COUR D'APPEL DE PARIS

Pôle 1 - Chambre 2

ARRET DU 20 JUIN 2013

(n° 434, 8 pages)

Numéro d'inscription au répertoire général : 12/14228

Décision déférée à la Cour : Ordonnance du 12 Juillet 2012 -Tribunal de Commerce de LILLE

APPELANTES

SAS CARREFOUR HYPERMARCHES

agissant poursuites et diligences de son président en exercice domicilié en cette qualité audit siège

[Adresse 2]

[Localité 2]

SAS CARCOOP FRANCE

agissant poursuites et diligences de son président en exercice domicilié en cette qualité audit siège

[Adresse 2]

[Localité 2]

Représentées par la SELARL PELLERIN - DE MARIA - GUERRE (Me Luca DE MARIA avocat au barreau de PARIS, toque : L0018)

Assistées de Me Caroline DEMEYERE (avocat au barreau de Lille)

INTIMEE

SAS SODIDOUAI SAS

inscrite au RCS de DOUAI sous le n° 520 323 668. Représentée par son Président en exercice et tous représentants légaux, domiciliés audit siège en cette qualité.

[Adresse 3]

[Localité 1]

Représentée par Me Laurence TAZE BERNARD de la SCP IFL Avocats (avocat au barreau de PARIS, toque : P0042)

Assistée de Me François REYE (avocat au barreau de Poitiers)

COMPOSITION DE LA COUR :

L'affaire a été débattue le 23 Mai 2013, en audience publique, devant la Cour composée de :

Mme Evelyne LOUYS, Présidente de chambre

Madame Michèle GRAFF-DAUDRET, Conseillère

Mme Maryse LESAULT, Conseillère

qui en ont délibéré

Greffier, lors des débats : Mme Sonia DAIRAIN

ARRET :

- CONTRADICTOIRE

- par mise à disposition de l'arrêt au greffe de la Cour, les parties en ayant été préalablement avisées dans les conditions prévues au deuxième alinéa de l'article 450 du code de procédure civile.
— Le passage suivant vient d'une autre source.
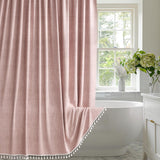 Farmhouse Shower Curtain with Tassel Colorful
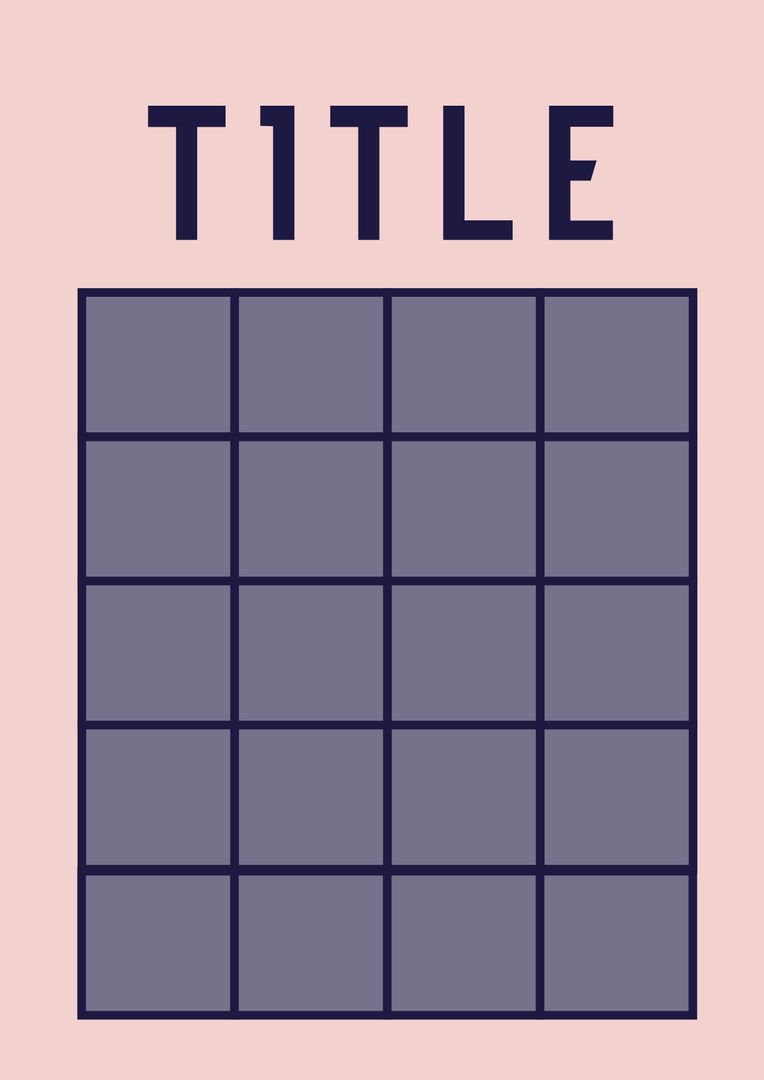Elegant Grid Layout with Bold Title on Minimalist Background - Download Free Stock Images Pikwizard.com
- signé par Mme Evelyne LOUYS, président et par Mme Sonia DAIRAIN, greffier.

FAITS CONSTANTS':

La SAS SODIDOUAI exploite à DOUAI (FLERS EN ESCREBIEUX) un hypermarché à l'enseigne E. LECLERC et, conformément à un usage de la profession, fait réaliser par ses salariés des relevés des prix pratiqués par les enseignes concurrentes.

Ces prix sont relevés au moyen d'un appareil permettant la lecture optique des codes-barres des produits concernés.

La SAS CARREFOUR HYPERMARCHES (CARREFOUR) et/ou la SAS CARCOOP France (CARCOOP) s'opposent à toute démarche de relevés de prix dans leurs surfaces commerciales.

Par actes du 30 avril 2012 et du 19 juin 2012, la société SODIDOUAI, considérant que pour que les prix soient fixés par le libre jeu du marché, il fallait que les acteurs économiques soient informés des prix pratiqués par la concurrence, a assigné la société CARREFOUR et la société CARCOOP, sur le fondement de l'article L. 410-2 du code de commerce, aux fins de les voir condamner à laisser pratiquer des relevés de prix par les préposés de la société SODIDOUAI et par le moyen d'un lecteur optique de codes-barres, et ce sous astreinte.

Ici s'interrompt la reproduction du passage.